→ **What needs to be done**: In the entries that follow, the line with "Natural Fluted Square" opens the range and the line with "Set di 3 loghi" closes it; repeat that range exactly, both lines included.

→ **Records provided**:
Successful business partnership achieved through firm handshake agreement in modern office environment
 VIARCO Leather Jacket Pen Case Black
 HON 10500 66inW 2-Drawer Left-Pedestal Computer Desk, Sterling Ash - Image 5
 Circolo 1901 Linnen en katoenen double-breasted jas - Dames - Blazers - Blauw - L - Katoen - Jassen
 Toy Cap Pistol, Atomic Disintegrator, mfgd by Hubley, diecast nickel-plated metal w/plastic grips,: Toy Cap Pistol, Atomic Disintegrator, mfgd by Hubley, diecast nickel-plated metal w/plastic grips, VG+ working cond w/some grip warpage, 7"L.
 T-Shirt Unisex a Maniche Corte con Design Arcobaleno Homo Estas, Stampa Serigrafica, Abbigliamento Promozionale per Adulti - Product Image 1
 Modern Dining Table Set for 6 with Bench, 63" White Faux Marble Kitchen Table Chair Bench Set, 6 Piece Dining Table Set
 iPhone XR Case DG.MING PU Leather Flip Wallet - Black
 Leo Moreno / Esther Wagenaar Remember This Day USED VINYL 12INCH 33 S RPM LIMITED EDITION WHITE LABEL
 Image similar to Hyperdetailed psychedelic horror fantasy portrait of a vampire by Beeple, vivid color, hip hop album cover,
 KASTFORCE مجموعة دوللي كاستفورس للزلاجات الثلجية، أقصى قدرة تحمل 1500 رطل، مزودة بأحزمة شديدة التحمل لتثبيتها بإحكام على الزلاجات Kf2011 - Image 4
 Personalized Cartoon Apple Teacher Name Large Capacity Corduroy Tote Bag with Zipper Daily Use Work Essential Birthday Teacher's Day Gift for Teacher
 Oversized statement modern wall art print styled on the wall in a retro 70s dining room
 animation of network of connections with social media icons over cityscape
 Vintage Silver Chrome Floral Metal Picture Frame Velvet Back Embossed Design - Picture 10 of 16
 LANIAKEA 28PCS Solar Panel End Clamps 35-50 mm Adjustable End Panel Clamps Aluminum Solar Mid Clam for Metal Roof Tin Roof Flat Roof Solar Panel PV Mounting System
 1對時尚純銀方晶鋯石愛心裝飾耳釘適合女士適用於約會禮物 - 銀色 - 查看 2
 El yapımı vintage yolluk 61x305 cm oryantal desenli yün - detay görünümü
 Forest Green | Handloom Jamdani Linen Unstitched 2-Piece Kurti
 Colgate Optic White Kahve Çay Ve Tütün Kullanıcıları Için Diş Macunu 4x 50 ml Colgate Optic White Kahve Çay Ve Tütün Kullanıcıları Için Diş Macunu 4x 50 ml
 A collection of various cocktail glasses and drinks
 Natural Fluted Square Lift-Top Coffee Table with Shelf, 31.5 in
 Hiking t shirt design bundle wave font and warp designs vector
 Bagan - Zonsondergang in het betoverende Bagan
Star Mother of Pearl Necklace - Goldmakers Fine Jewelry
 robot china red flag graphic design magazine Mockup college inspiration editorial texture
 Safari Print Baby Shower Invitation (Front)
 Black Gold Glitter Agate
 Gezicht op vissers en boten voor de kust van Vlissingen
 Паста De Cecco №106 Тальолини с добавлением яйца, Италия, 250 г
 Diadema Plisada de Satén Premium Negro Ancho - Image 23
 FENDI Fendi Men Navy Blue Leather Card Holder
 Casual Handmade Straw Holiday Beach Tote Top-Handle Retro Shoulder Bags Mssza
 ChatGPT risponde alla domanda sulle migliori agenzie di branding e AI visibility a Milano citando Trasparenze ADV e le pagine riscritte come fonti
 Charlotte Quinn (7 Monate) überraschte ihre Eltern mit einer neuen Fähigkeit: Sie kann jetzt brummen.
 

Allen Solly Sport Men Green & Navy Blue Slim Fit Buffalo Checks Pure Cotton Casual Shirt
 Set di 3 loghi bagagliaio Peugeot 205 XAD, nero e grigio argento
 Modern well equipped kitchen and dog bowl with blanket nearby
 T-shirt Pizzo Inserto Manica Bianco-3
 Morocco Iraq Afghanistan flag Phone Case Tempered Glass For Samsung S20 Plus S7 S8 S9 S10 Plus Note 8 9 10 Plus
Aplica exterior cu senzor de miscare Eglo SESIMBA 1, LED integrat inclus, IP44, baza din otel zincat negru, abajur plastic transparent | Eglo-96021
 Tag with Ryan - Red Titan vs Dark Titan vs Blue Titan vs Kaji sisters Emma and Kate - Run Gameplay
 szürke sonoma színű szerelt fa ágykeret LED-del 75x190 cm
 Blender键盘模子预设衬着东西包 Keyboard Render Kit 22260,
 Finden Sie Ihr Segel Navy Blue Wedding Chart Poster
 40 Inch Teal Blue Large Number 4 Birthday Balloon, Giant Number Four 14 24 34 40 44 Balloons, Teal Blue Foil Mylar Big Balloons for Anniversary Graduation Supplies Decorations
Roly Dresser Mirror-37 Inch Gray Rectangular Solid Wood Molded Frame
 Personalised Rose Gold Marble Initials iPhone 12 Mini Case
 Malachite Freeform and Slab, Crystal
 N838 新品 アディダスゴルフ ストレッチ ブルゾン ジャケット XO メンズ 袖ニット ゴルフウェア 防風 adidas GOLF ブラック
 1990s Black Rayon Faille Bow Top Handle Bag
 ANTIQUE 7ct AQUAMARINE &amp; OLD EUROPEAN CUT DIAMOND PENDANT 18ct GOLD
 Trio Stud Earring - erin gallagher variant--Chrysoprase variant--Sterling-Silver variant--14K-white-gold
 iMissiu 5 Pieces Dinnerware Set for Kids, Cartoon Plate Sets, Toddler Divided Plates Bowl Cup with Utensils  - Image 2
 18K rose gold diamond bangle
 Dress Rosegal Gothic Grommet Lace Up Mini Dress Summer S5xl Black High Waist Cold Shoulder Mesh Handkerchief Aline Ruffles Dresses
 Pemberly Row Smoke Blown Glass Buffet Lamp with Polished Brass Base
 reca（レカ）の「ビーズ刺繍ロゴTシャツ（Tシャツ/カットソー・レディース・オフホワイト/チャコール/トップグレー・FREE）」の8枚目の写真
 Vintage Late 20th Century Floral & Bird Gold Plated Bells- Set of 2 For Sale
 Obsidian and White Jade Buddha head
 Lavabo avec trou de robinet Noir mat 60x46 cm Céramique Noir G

→ **Response for this exercise**:
 Natural Fluted Square Lift-Top Coffee Table with Shelf, 31.5 in
 Hiking t shirt design bundle wave font and warp designs vector
 Bagan - Zonsondergang in het betoverende Bagan
Star Mother of Pearl Necklace - Goldmakers Fine Jewelry
 robot china red flag graphic design magazine Mockup college inspiration editorial texture
 Safari Print Baby Shower Invitation (Front)
 Black Gold Glitter Agate
 Gezicht op vissers en boten voor de kust van Vlissingen
 Паста De Cecco №106 Тальолини с добавлением яйца, Италия, 250 г
 Diadema Plisada de Satén Premium Negro Ancho - Image 23
 FENDI Fendi Men Navy Blue Leather Card Holder
 Casual Handmade Straw Holiday Beach Tote Top-Handle Retro Shoulder Bags Mssza
 ChatGPT risponde alla domanda sulle migliori agenzie di branding e AI visibility a Milano citando Trasparenze ADV e le pagine riscritte come fonti
 Charlotte Quinn (7 Monate) überraschte ihre Eltern mit einer neuen Fähigkeit: Sie kann jetzt brummen.
 

Allen Solly Sport Men Green & Navy Blue Slim Fit Buffalo Checks Pure Cotton Casual Shirt
 Set di 3 loghi bagagliaio Peugeot 205 XAD, nero e grigio argento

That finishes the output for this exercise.